Project for STAT 705

You will analyze a data set of your choosing, using a method (or combination of methods) we have discussed in this class, such as:

Two-Factor ANOVA, Multi-Factor ANOVA, Random Effects ANOVA, Mixed Effects ANOVA, Analysis of Block Design, Repeated Measures, Analysis of Covariance, ANOVA for Nested Designs, Piecewise Regression, Nonlinear Regression, Generalized Linear Models, Nonparametric Regression, or Regression Trees/Random Forests.

The data set could be one that is of personal or academic interest to you and that fits one of the analyses studied in STAT 705. It should be a real data set which you have not analyzed before and which has not been analyzed in a textbook (using the methods of STAT 705, anyway).

Project Part I– Data Set Proposal/Description:

You should write a one- to two-page typed description of the data set you propose to study. You should include details about the response variable, about factors and/or predictor variables, and about the number of observations. If there are issues such as unbalanced data, comment on these. Discuss the source of the data set, and whether the data come from an experimental or observational study.

In addition, please include a printout of the data set (or if it is quite large, a selected part of the data set).

You should also include a general proposal for what sort of analysis you plan to do with this data set. If there are any hypotheses/research questions that are of interest from the beginning, you might mention those.

This part is due on or before Wednesday, March 29, 2017.

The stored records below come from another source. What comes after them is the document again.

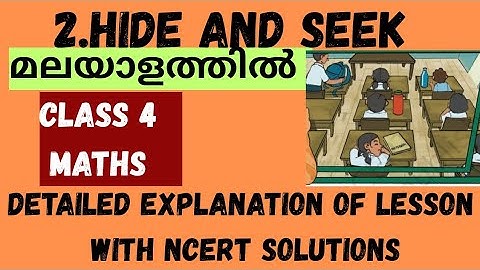 Class 4 maths /ch-2 /hide and seek /full chapter explanation in malayalam with NCERT solutions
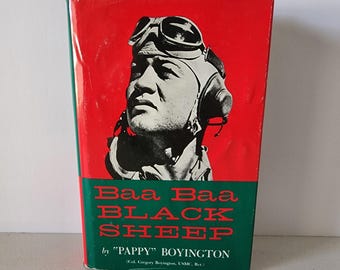 Baa Baa Black Sheep Book by Gregory "Pappy" Boyington HC DJ WWII Signed Inscribed 1958 17th Printing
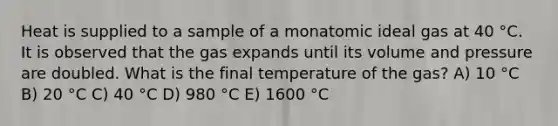 Heat is supplied to a sample of a monatomic ideal gas at 40 °C. It is observed that the gas expands until its volume and pressure are doubled. What is the final temperature of the gas? A) 10 °C B) 20 °C C) 40 °C D) 980 °C E) 1600 °C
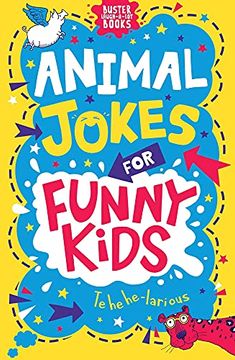 portada Animal Jokes for Funny Kids: Volume 6 (Buster Laugh-A-Lot Books, 6) (en Inglés)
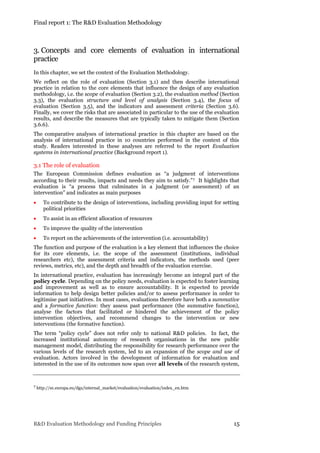 Final report 1: The R&D Evaluation Methodology
R&D Evaluation Methodology and Funding Principles 15
3. Concepts and core elements of evaluation in international
practice
In this chapter, we set the context of the Evaluation Methodology.
We reflect on the role of evaluation (Section 3.1) and then describe international
practice in relation to the core elements that influence the design of any evaluation
methodology, i.e. the scope of evaluation (Section 3.2), the evaluation method (Section
3.3), the evaluation structure and level of analysis (Section 3.4), the focus of
evaluation (Section 3.5), and the indicators and assessment criteria (Section 3.6).
Finally, we cover the risks that are associated in particular to the use of the evaluation
results, and describe the measures that are typically taken to mitigate them (Section
3.6.6).
The comparative analyses of international practice in this chapter are based on the
analysis of international practice in 10 countries performed in the context of this
study. Readers interested in these analyses are referred to the report Evaluation
systems in international practice (Background report 1).
3.1 The role of evaluation
The European Commission defines evaluation as “a judgment of interventions
according to their results, impacts and needs they aim to satisfy.”7 It highlights that
evaluation is “a process that culminates in a judgment (or assessment) of an
intervention” and indicates as main purposes
 To contribute to the design of interventions, including providing input for setting
political priorities
 To assist in an efficient allocation of resources
 To improve the quality of the intervention
 To report on the achievements of the intervention (i.e. accountability)
The function and purpose of the evaluation is a key element that influences the choice
for its core elements, i.e. the scope of the assessment (institutions, individual
researchers etc), the assessment criteria and indicators, the methods used (peer
reviews, metrics, etc), and the depth and breadth of the evaluation exercise.
In international practice, evaluation has increasingly become an integral part of the
policy cycle. Depending on the policy needs, evaluation is expected to foster learning
and improvement as well as to ensure accountability. It is expected to provide
information to help design better policies and/or to assess performance in order to
legitimise past initiatives. In most cases, evaluations therefore have both a summative
and a formative function: they assess past performance (the summative function),
analyse the factors that facilitated or hindered the achievement of the policy
intervention objectives, and recommend changes to the intervention or new
interventions (the formative function).
The term “policy cycle” does not refer only to national R&D policies. In fact, the
increased institutional autonomy of research organisations in the new public
management model, distributing the responsibility for research performance over the
various levels of the research system, led to an expansion of the scope and use of
evaluation. Actors involved in the development of information for evaluation and
interested in the use of its outcomes now span over all levels of the research system,
7 http://ec.europa.eu/dgs/internal_market/evaluation/evaluation/index_en.htm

Project Part II – Written Report:

You should write a concise report summarizing your analysis. The report should be no longer than six (typed) pages, not counting any SAS/R output, graphs, etc., which you may wish to include as support or illustration for your analysis.

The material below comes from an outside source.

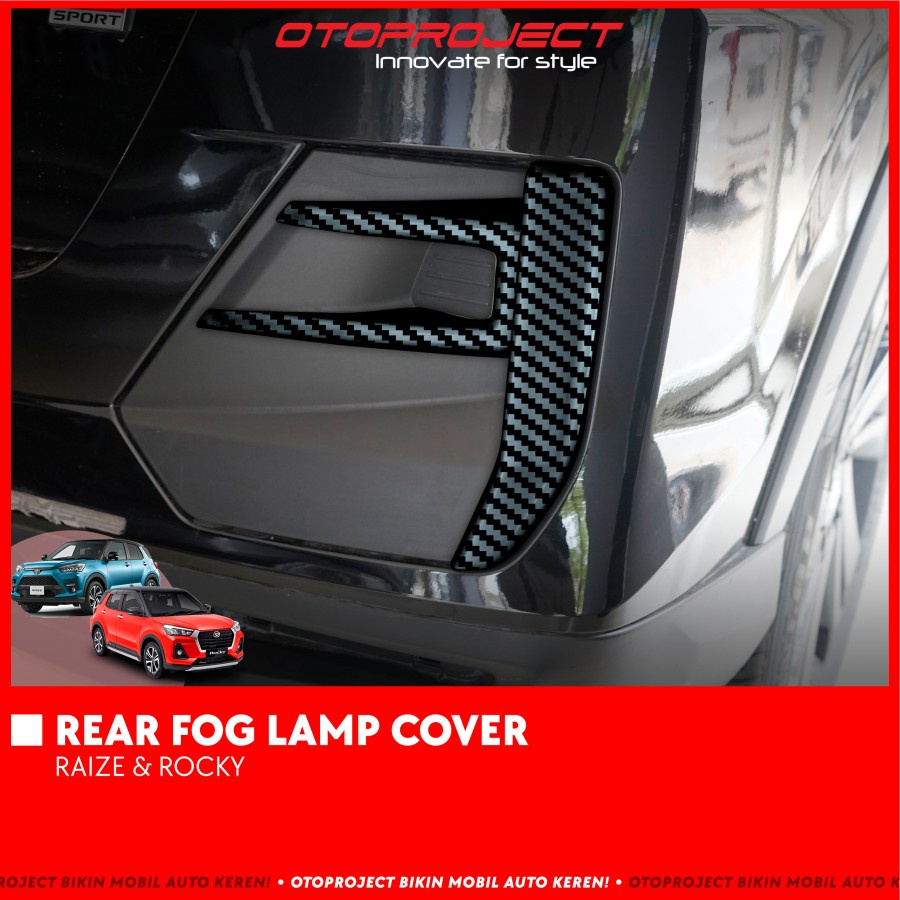 Cover Rear Fog Lamp Belakang Mobil Toyota Raize Daihatsu Rocky 2021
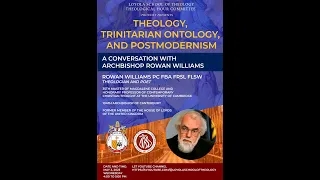 "Theology, Trinitarian Ontology, and Postmodernism", a pre-recorded interview w/ Dr. Rowan Williams.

The style of the report is up to you, but the best reports will address many of the questions and details studied in class when we discussed the relevant type of analysis.

Some things to include (depending on the data set and choice of model) might be:

  • An introduction and discussion of the data set itself
  • A statement of the fitted model, with any relevant interpretations
  • Summary results for any relevant hypothesis tests or confidence intervals
  • Discussion of variable selection or study design (if appropriate)
  • A summary of model assumptions and any violations you may have seen
  • Any remedial action you took to fix such violations
  • Your overall conclusions about the data, based on your analysis

Part II of the project (the final project report) will be due on or before Tuesday, April 25, 2017. It will count for 8% of your final grade (1% for Part I, 7% for Part II).